If you’re an online entrepreneur working in a personal development space - a life coach, a business coach, a healer, or an energy worker, for example - you probably know how important it is to find your niche. We’re often taught that nailing your niche is a big part of your business success.
What you probably don’t know is that most of what is conventionally taught about niching is actually pretty useless. Today, I want to talk about the 3 most common mistakes to avoid when choosing your niche. And in future posts, I’ll share with you my preferred strategies to help you get clarity on your niche using your Human Design.
The 3 Biggest Mistakes Beginner Entrepreneurs Make When Choosing a Niche
Mistake #1: Focusing Too Much on Demographics
We are often told when we first start out that we must create an Ideal Client Avatar (otherwise known as an ICA). You create a fake person whom you think will be a good fit for your product or service, and you then map out all the details of their life as if they were real.
Some things you may identify could be:
- What they like to eat for breakfast
- Which magazines they buy
- Do they have kids or not
But by obsessing over these tiny details, this creates a disconnect between you and your ideal client. Most of the time, the people you work with will be different from what you’ve mapped out in your ICA.
Don’t waste your time obsessing over irrelevant tiny details about your ideal client!! Instead, think of a real person that you know that you have either worked with or you would like to work with, and go from there!

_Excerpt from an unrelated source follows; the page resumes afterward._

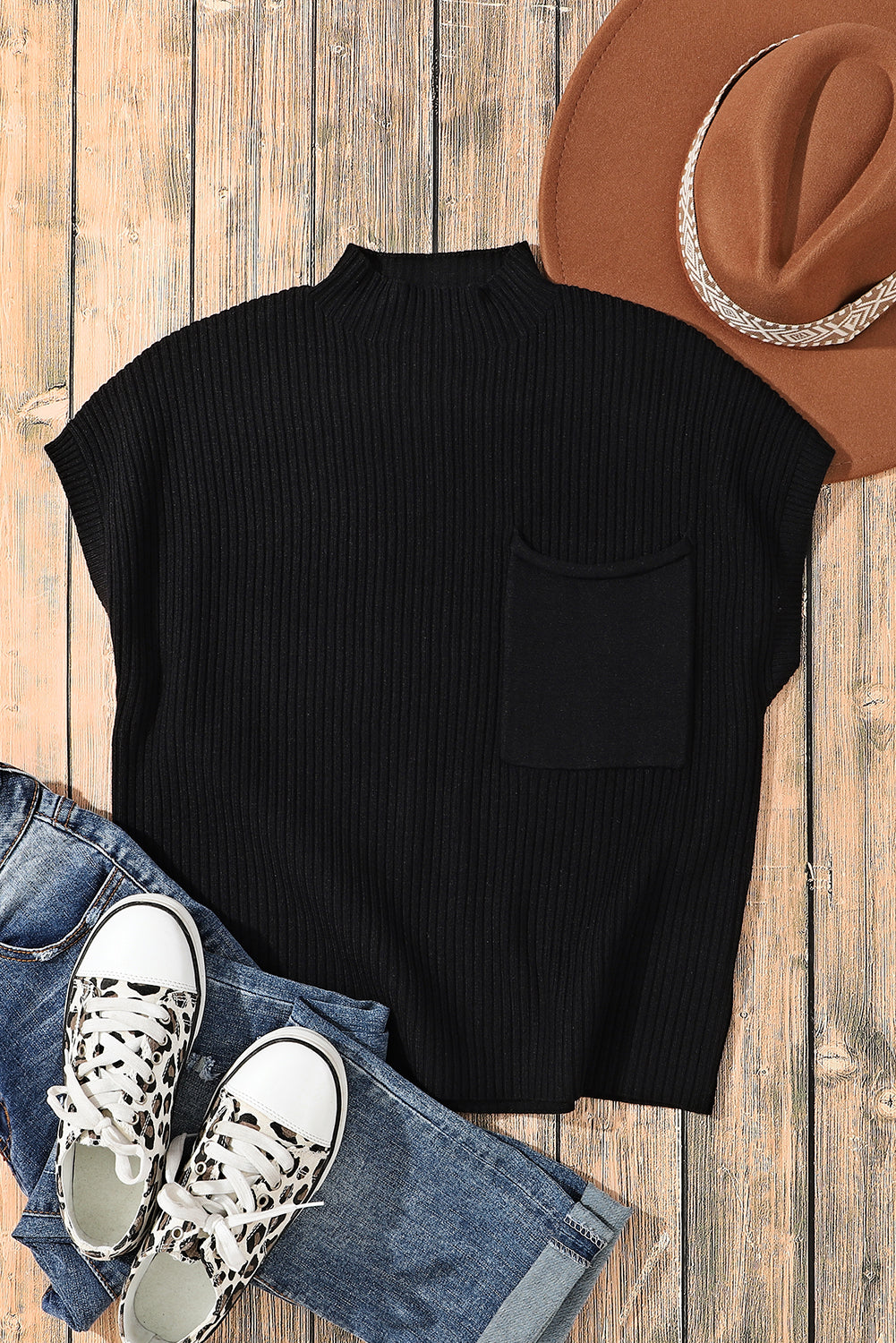 Black Patch Pocket Ribbed Knit Short Sleeve Sweater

Mistake #2: Trying to Create the Perfect Elevator Pitch
Another thing new entrepreneurs often find themselves obsessing over is creating the perfect niche statement or elevator pitch. How many hours, days, weeks, or even MONTHS (!!!) do we spend trying to come up with the “perfect” pitch?
If you’re not sure what an elevator pitch or niche statement is, it goes something like this: “I help ___ do ___ so that ____.”
And when you finally come up with something that feels like “the one,” it can immediately feel confusing and contradicting.
While this can be a helpful practice in figuring out what you do (for your own sake), this is not something you actually use in conversation that much. Plus, it can sound really robotic and scripted if you spew out this statement that you’ve clearly rehearsed again and again.
In my case when I talk to someone about what I do, I tailor the language to that person and situation. Because your niche statement or elevator pitch changes depending on the circumstance!
I might say something like “I help people discover what lights them up” if I’m with a random person that just seems curious. If I see that the person is a mom, I might say “I help moms rediscover themselves after having kids.” If I’m surrounded by entrepreneurs, I might say “I help business owners run their business in a smoother, more effortless way by working with their energy instead of against it.” The main theme of my work doesn't change - I help people live an effortless life - but "the effortless life" looks different for different people.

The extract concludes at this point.